» **YOUR GOAL**: Output the lines of the records from the one containing "Ricetta con alimenti" through the last, both ends included. Leave pictures out.

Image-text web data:

━━━

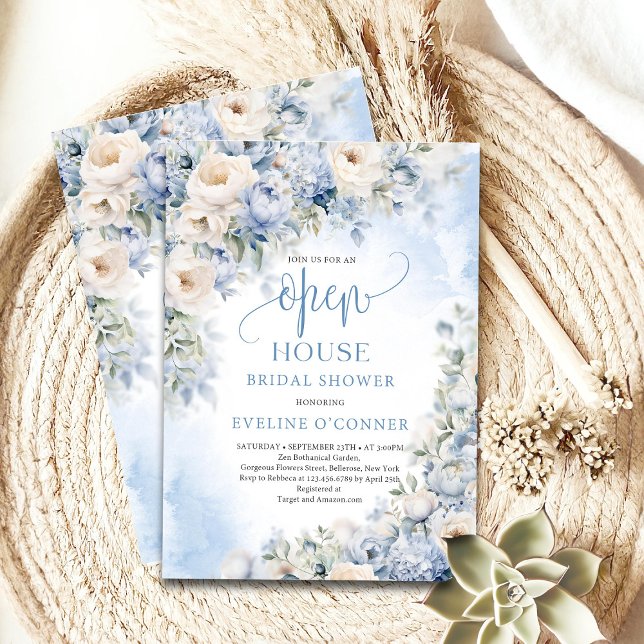 Invitación Flores azul y marfil polvorientos de invierno Open (Boho Elegant Dusty Blue and Ivory Flowers open house bridal shower invitation)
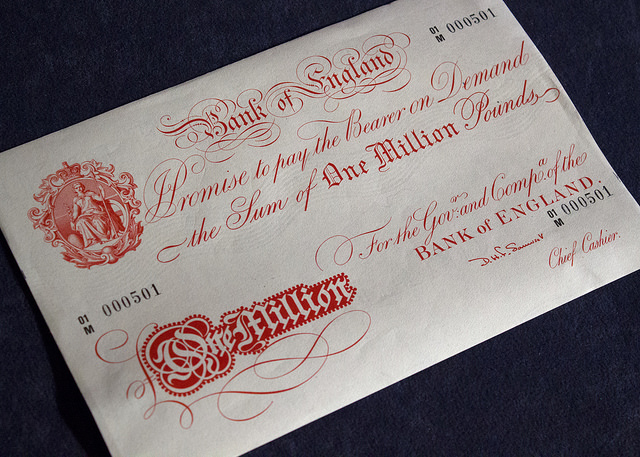 'Giant' banknote, with a value of £1 million One million pound banknote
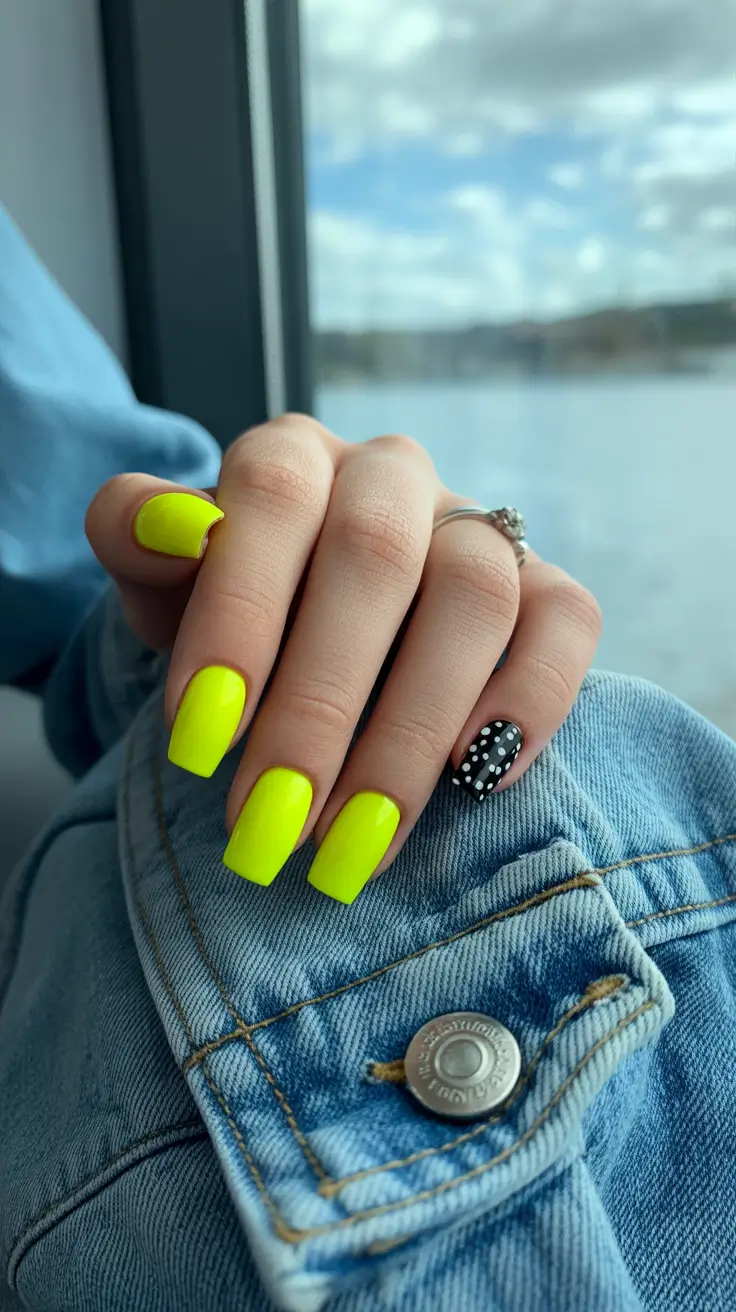 spring nail colors Electric Lime Pop With Polka Accent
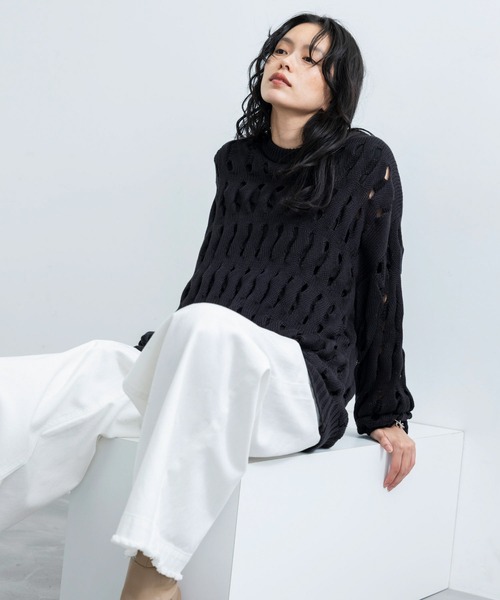 JUNRED（ジュンレッド）の「3DクレーターニットPO（ニット/セーター・メンズ・キャメル/ブラック・L/M）」の9枚目の写真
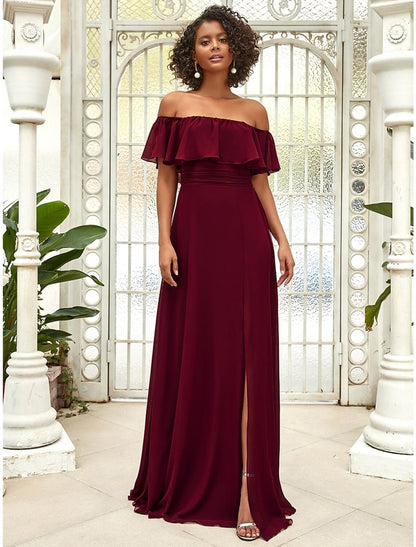 NumberSea - A - Line Bridesmaid Dress Off Shoulder Sleeveless Elegant Floor Length Chiffon with Ruffles / Draping / Solid Color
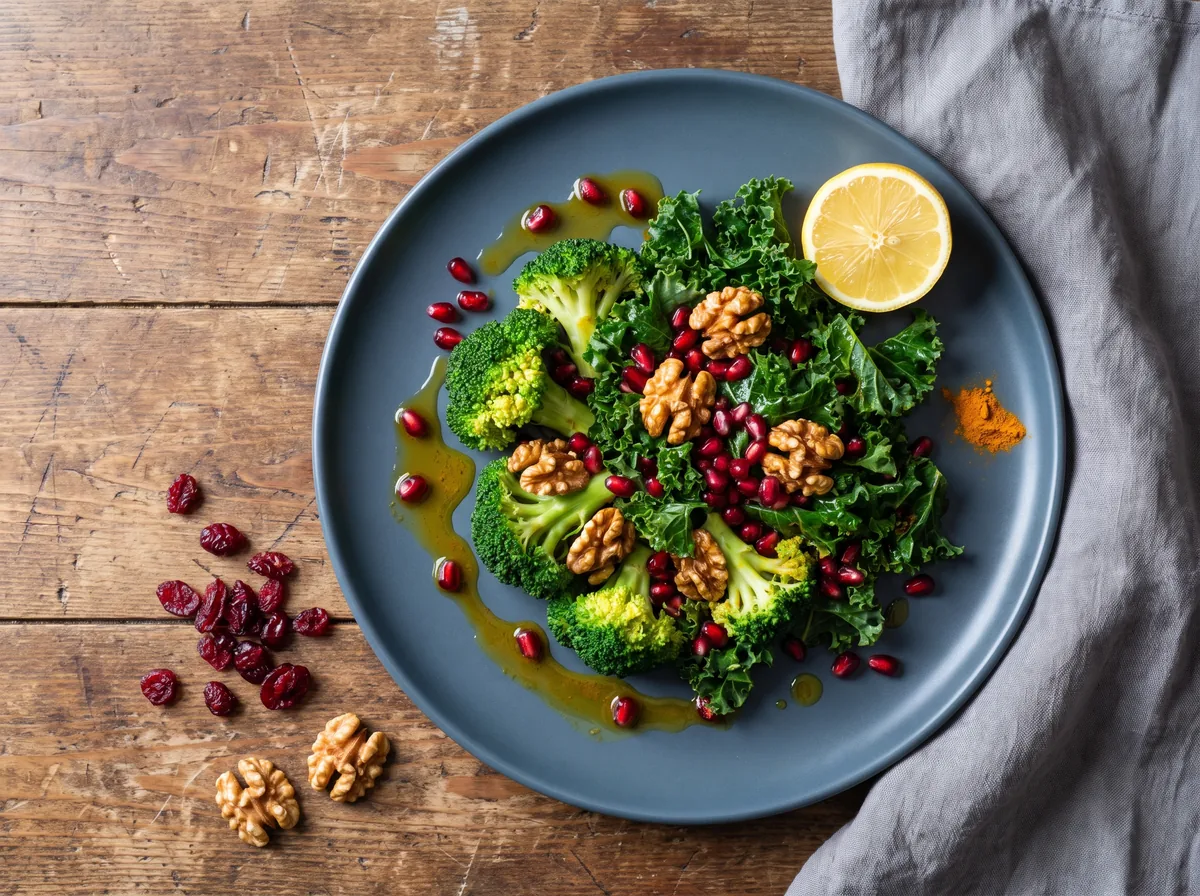Ricetta con alimenti per la prevenzione del cancro: insalata di broccoli e melograno con cavolo riccio, noci e condimento dorato al curcuma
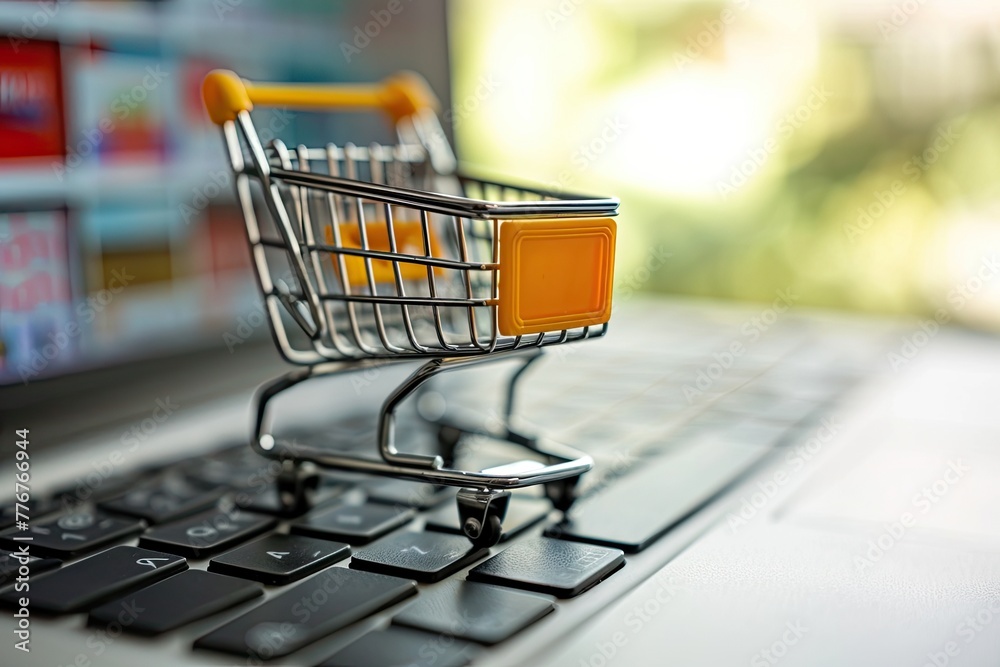 E-commerce online shopping cart background, E-commerce online shopping trolley backdrop.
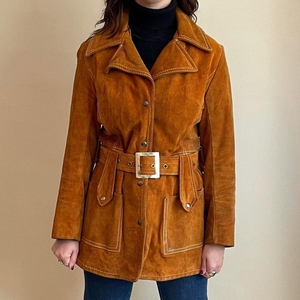 High Quality Vintage 70s Sheep Belted Coat Boho Brown Winter <b>Jacket</b> Pockets Retro <b>Western</b> Style Windproof Button Outerwear Women - Product Image 5
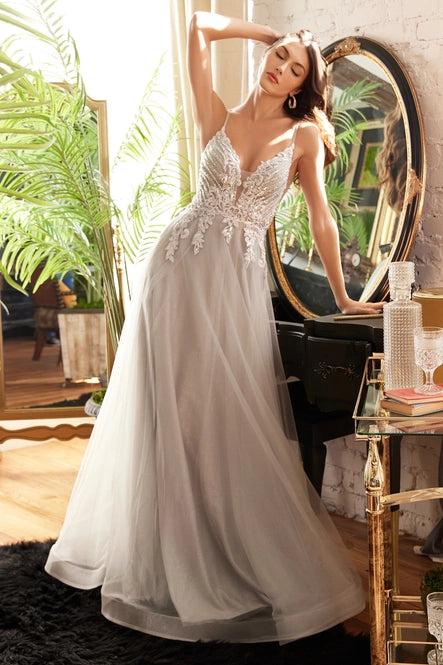 Layered Tulle A-Line Gown By Ladivine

━━━

» **REPLY TO THE TASK**:
Ricetta con alimenti per la prevenzione del cancro: insalata di broccoli e melograno con cavolo riccio, noci e condimento dorato al curcuma
 E-commerce online shopping cart background, E-commerce online shopping trolley backdrop.
 High Quality Vintage 70s Sheep Belted Coat Boho Brown Winter <b>Jacket</b> Pockets Retro <b>Western</b> Style Windproof Button Outerwear Women - Product Image 5
 Layered Tulle A-Line Gown By Ladivine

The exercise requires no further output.